▸ **EXERCISE AIM**: There are pictures in the records below; leave them out and set down exactly the lines from the one holding "Fida Step-in Dog" through the one holding "SeaGreenOrganzaKurtaShararaSet_0000".

▸ **MATERIAL TO PROCESS**:
--- START ---

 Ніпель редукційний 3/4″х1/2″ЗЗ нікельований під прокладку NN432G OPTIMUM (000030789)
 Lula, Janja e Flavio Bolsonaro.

--- END ---
--- START ---

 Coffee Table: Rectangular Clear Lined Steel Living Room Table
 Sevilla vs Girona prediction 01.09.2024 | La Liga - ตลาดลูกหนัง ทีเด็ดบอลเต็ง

--- END ---
--- START ---

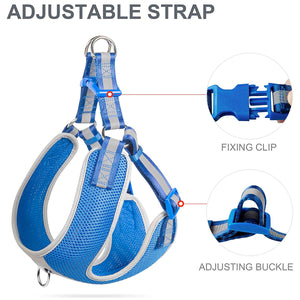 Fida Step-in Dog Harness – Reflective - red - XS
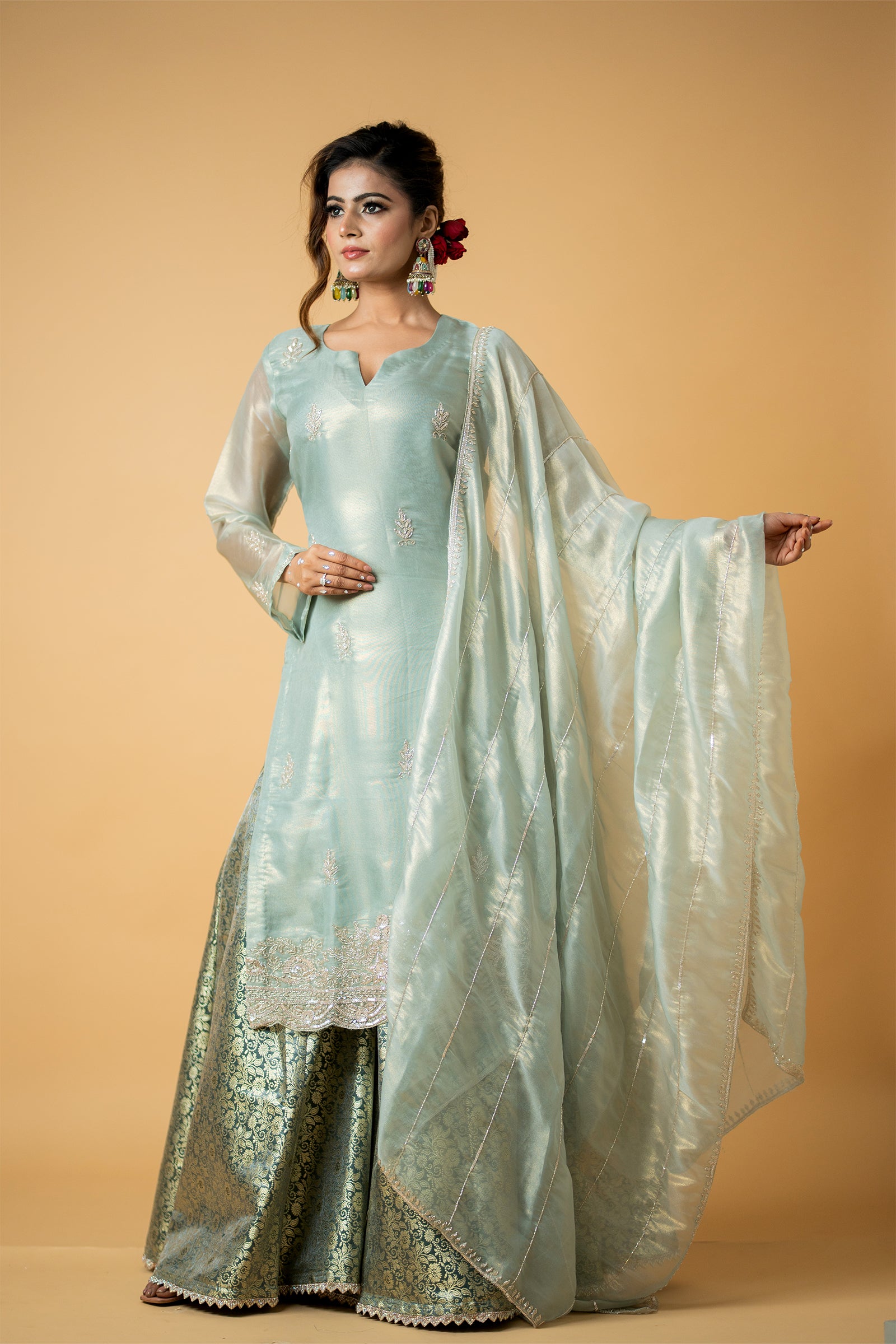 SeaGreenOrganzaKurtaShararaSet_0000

--- END ---

▸ **ANSWER BOX**:
 Fida Step-in Dog Harness – Reflective - red - XS
 SeaGreenOrganzaKurtaShararaSet_0000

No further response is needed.